Custom LLM Service for Natural Language to IR

Oracle APEX & PL/SQL Developer with 10 years of experience. Working mainly with manufacturing industry. My work is my passion. Avid gamer.
Normally, when you create any LLM-enabled component in APEX, you can choose which LLM service it should use. The main exception is the new Natural Language to IR feature in Apex 26.1. This post shows how to work around that limitation.
But first, why would you want to do this? Usually because you want a less expensive model for this feature. The system prompt for NL2IR is massive and very restrictive, and a decent chunk of metadata and tool information is sent along with each request. When I looked at the logs, each NL2IR call contained around 17,000 input tokens and only about 100 output tokens. That is massive, maybe even too massive.
My LLM provider of choice is Anthropic, and as of May 2026, 17k tokens works out to about \(0.11 per request on Sonnet (the mid-tier model), while on Haiku (the small, fast model) it is about \)0.04. So no matter what you are doing, you probably want NL2IR glued to the cheapest model possible.
This post also came from a question by Matt Mulvaney And if an Oracle ACE Director asks, the only real answer is: let’s do it ;)
We will start by creating two AI services.
One named Dummy, which we will set as our default service. I am setting Maximum AI Tokens to 0 to show the solution working, but you can set it however you want.
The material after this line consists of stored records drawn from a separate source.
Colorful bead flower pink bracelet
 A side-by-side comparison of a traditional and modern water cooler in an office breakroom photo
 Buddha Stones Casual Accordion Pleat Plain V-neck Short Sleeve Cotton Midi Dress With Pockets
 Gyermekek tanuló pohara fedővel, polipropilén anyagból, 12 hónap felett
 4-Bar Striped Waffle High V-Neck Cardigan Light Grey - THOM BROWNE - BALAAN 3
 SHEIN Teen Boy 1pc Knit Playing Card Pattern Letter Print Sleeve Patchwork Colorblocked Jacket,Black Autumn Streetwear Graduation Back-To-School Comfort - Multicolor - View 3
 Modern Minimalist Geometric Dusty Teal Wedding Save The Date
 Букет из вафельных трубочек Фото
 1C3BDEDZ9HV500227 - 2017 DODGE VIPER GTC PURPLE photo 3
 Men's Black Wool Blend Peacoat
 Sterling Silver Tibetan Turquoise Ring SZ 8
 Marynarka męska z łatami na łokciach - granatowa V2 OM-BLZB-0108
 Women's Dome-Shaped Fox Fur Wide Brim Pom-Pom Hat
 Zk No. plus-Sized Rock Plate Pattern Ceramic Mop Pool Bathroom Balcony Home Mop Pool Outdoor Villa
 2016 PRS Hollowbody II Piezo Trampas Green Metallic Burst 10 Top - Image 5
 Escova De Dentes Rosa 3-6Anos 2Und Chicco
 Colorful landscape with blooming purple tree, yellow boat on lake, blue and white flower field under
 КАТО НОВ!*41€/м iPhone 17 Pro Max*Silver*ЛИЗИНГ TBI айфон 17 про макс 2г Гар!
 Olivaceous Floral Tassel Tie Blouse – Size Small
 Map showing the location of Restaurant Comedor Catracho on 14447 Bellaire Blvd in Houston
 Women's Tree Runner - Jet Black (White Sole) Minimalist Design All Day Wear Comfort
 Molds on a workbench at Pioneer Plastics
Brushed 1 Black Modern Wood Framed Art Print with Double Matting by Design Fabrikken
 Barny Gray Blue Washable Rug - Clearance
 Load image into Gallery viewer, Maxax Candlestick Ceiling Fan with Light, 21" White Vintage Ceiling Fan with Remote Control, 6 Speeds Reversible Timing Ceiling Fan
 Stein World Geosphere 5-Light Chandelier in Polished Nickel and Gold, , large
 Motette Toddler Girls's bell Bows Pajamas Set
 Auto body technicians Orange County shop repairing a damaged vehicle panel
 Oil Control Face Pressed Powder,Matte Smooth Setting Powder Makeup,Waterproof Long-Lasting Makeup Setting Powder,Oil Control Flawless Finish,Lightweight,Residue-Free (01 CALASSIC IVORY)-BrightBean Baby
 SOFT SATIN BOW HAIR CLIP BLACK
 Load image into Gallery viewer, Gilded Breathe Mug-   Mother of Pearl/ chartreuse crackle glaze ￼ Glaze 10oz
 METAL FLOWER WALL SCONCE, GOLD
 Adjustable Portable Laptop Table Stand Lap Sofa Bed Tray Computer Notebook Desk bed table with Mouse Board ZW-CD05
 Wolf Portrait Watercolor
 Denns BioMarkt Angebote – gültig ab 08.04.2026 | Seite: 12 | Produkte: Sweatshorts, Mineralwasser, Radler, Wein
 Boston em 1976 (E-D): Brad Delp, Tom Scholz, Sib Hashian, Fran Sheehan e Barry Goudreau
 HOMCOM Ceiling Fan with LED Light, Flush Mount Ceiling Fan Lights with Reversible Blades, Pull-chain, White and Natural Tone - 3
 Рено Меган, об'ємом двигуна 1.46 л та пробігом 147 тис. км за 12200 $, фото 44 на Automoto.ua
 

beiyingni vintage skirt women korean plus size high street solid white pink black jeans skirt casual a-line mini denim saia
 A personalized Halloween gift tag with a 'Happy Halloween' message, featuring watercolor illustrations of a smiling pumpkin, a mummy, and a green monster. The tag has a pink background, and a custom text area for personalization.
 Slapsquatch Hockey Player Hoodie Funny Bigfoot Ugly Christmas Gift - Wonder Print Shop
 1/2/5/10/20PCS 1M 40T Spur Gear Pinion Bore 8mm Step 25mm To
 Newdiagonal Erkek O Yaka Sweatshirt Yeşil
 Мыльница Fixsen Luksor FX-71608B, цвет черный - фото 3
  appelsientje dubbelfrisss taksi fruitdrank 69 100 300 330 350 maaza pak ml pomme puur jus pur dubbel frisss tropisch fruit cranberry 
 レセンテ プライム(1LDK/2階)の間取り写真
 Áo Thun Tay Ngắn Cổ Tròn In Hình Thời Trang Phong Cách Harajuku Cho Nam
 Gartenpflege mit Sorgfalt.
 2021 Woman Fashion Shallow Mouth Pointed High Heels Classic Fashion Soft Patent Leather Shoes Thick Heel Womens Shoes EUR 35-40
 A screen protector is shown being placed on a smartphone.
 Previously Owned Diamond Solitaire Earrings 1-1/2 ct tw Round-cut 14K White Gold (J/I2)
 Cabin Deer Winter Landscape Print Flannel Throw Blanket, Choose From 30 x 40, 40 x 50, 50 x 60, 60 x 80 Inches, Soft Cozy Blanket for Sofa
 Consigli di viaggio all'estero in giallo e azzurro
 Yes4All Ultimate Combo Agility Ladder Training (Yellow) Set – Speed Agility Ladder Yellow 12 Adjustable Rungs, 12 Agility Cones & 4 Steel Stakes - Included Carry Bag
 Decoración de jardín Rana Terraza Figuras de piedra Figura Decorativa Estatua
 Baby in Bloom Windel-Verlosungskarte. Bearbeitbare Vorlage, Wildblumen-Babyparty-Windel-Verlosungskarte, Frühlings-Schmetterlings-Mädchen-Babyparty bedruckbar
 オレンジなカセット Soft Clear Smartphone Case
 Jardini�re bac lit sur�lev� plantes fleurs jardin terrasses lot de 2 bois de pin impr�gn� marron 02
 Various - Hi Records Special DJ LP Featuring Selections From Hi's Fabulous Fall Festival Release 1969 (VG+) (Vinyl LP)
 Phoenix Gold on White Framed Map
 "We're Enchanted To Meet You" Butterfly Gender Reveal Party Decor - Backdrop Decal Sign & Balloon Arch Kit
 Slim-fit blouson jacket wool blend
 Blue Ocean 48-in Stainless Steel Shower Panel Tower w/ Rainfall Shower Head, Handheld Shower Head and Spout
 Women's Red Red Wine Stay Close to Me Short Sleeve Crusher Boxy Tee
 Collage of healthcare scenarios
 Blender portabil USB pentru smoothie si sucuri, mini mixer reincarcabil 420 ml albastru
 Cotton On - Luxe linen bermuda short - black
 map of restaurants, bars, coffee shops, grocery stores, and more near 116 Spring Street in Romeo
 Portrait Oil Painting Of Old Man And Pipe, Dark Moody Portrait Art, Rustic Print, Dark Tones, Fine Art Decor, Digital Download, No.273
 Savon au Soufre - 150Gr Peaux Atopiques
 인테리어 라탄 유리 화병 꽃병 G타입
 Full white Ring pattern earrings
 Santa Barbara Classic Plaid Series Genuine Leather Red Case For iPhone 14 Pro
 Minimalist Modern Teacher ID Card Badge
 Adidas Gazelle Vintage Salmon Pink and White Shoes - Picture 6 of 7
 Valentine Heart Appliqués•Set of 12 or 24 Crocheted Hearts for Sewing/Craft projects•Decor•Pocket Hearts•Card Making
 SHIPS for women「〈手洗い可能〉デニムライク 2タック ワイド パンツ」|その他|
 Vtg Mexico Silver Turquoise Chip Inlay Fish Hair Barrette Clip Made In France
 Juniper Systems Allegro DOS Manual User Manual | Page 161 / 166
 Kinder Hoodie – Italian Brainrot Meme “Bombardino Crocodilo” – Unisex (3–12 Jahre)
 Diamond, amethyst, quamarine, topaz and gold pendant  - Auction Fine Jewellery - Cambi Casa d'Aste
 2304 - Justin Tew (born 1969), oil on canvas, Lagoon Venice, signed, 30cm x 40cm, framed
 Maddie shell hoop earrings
And the second will be the one we actually want to use.
The choice of model does not really matter. What matters is the static ID of the service we want to use for NL2IR. For me, it is haiku-for-ir.
Now we need to configure the default service in the app. Go to Edit Application Definition of your selected app, click the AI tab, and select the Dummy service. This is required for the NL2IR feature to show up.
Let's go into the app and observe the behavior.
Okay, looks like Oracle may need an NVL when checking the limits, because the first call is partially working, but after that we get errors. This is what we expected for this demo, so now let's make it use the correct service.
First, create this procedure. If you are coming from my previous blog post, you can modify the contents of the package we created there. Remember to change haiku-for-ir to the static ID of your LLM service.
create or replace procedure ai_request (
p_param in apex_ai.t_chat_request_handler_param,
p_result in out nocopy apex_ai.t_chat_request_handler_result
) is
l_test number;
l_service_id number;
begin
-- Check if the request is coming from IR.
select count(*)
into l_test
from apex_application_page_ir
where region_id = p_param.component.id;
if l_test = 0 then
return; -- Not an IR request, skip.
end if;
-- Get the service ID.
select remote_server_id
into l_service_id
from apex_workspace_ai_services
where upper(remote_server_static_id) = upper('haiku-for-ir')
fetch first 1 rows only;
-- Set the new service.
p_result.request.service_id := l_service_id;
end;
Then enter the procedure name, ai_request, into the Request Handler Procedure field on the AI tab of Edit Application Definition.
And you are done.
If we go back to the app, we will see that even though our default service is Dummy, NL2IR works perfectly.